E2E smoke test (scripts/e2e_smoke.py)

What it does (from the Mac):

  1. Checks /healthz.
  2. Starts a tiny HTTP server on the Mac's LAN IP serving tests/fixtures/synthetic_giro.pdf.
  3. Submits a POST /jobs with use_case=bank_statement_header, the fixture URL in context.files, and a Paperless-style OCR text in context.texts (to exercise the text_agreement cross-check).
  4. Polls GET /jobs/{id} every 2 s until terminal or 120 s timeout.
  5. Asserts: status=="done", bank_name non-empty, provenance.fields["result.closing_balance"].provenance_verified=True, text_agreement=True, total elapsed < 60s.

Non-zero exit means the deploy is not healthy. Roll back via git revert HEAD.

Operational checklists

After ollama pull on the host

The IX_DEFAULT_MODEL env var on the server's .env must match something in ollama list. Changing the default means:

  1. Edit /home/server/Public/infoxtractor/app/.envIX_DEFAULT_MODEL=<new>.
  2. docker compose --project-directory /home/server/Public/infoxtractor/app restart.
  3. curl http://192.168.68.42:8994/healthz → confirm ollama: ok.

If /healthz shows ollama: degraded

qwen3:14b (or the configured default) is not pulled. On the host:

ssh server@192.168.68.42 "docker exec ollama ollama pull qwen3:14b"

If /healthz shows ocr: fail

Surya couldn't initialize (model missing, CUDA unavailable, OOM). First run can be slow — models download on first call.

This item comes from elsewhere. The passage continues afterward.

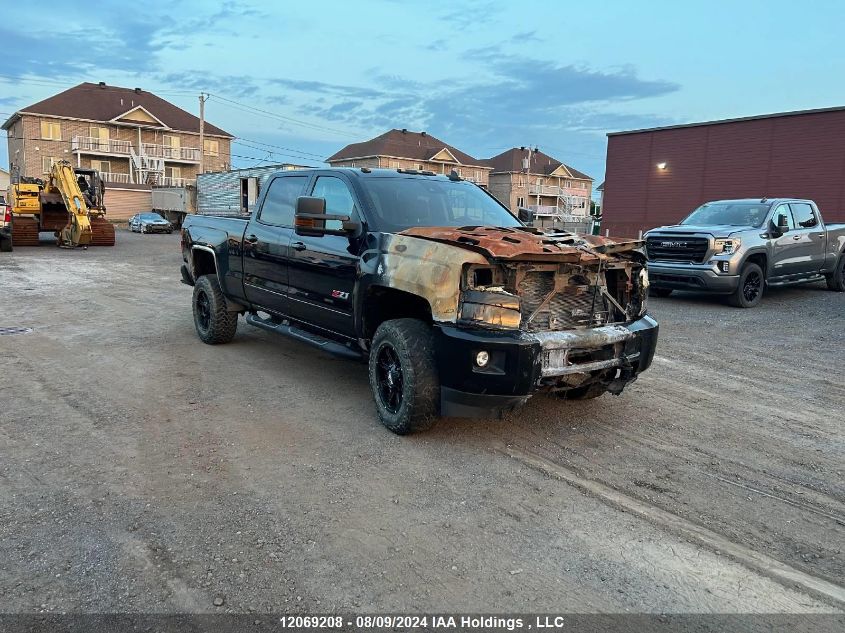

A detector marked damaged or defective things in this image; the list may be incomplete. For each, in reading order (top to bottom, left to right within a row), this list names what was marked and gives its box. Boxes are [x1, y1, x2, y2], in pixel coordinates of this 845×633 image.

burned chevrolet silverado [181, 168, 656, 434] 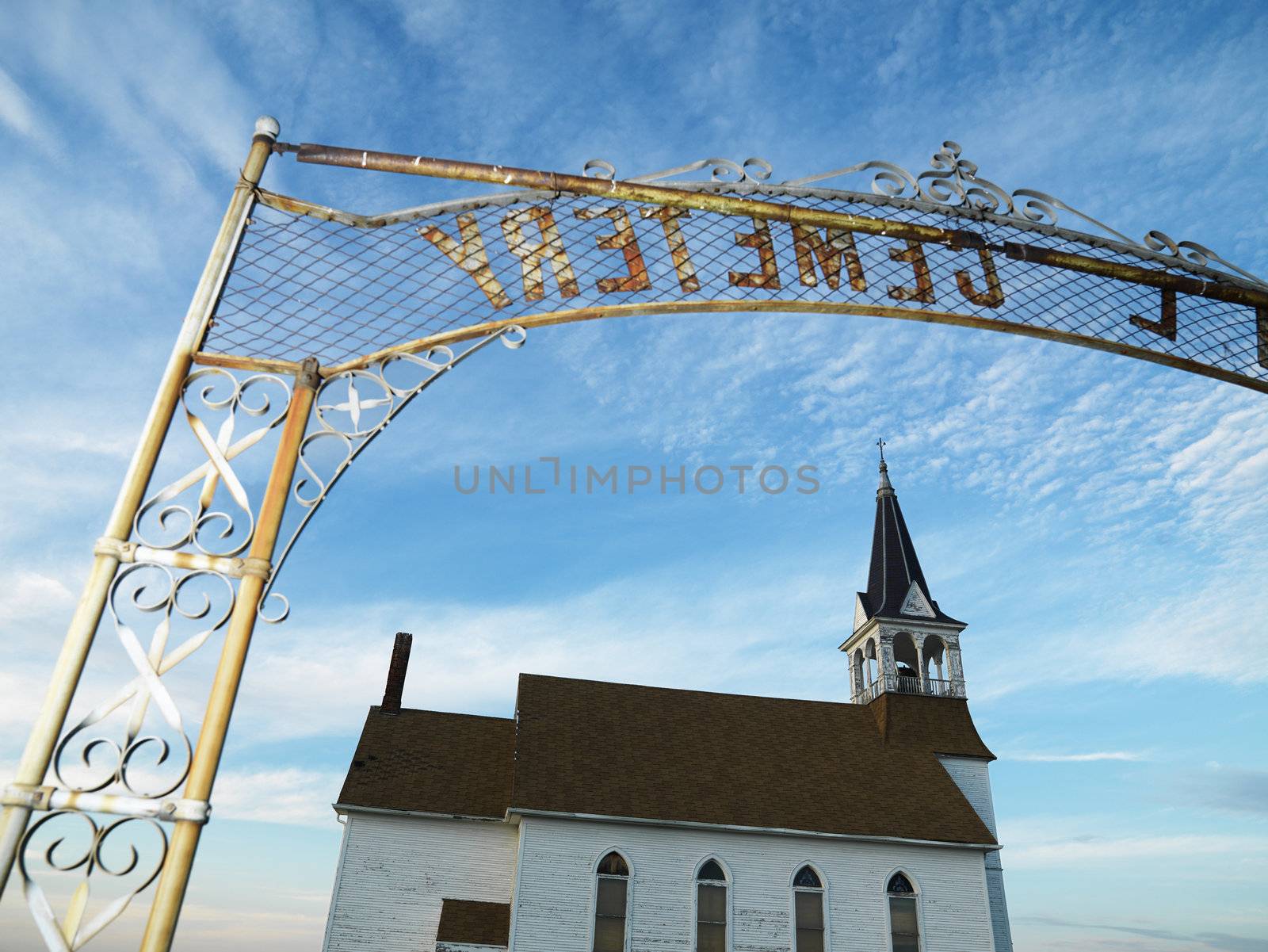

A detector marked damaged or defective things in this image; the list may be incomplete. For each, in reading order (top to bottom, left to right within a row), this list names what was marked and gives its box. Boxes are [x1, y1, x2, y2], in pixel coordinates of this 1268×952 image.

Check container logs:

ssh server@192.168.68.42 "docker logs infoxtractor --tail 200"

If the container fails to start

ssh server@192.168.68.42 "tail -100 /tmp/infoxtractor-deploy.log"
ssh server@192.168.68.42 "docker compose -f /home/server/Public/infoxtractor/app/docker-compose.yml logs --tail 200"

Monitoring

  • Monitoring dashboard auto-discovers via the infrastructure.web_url label on the container: http://192.168.68.42:8001 → "infoxtractor" card.
  • Backup opt-in via backup.enable=true + backup.type=postgres + backup.name=infoxtractor labels. The daily backup script picks up the infoxtractor Postgres database automatically.

Ports

Port Direction Source Service
8994/tcp ALLOW 192.168.68.0/24 ix REST + healthz (LAN only; not publicly exposed)

No VPS Caddy entry; no infrastructure.docs_url label — this is an internal service.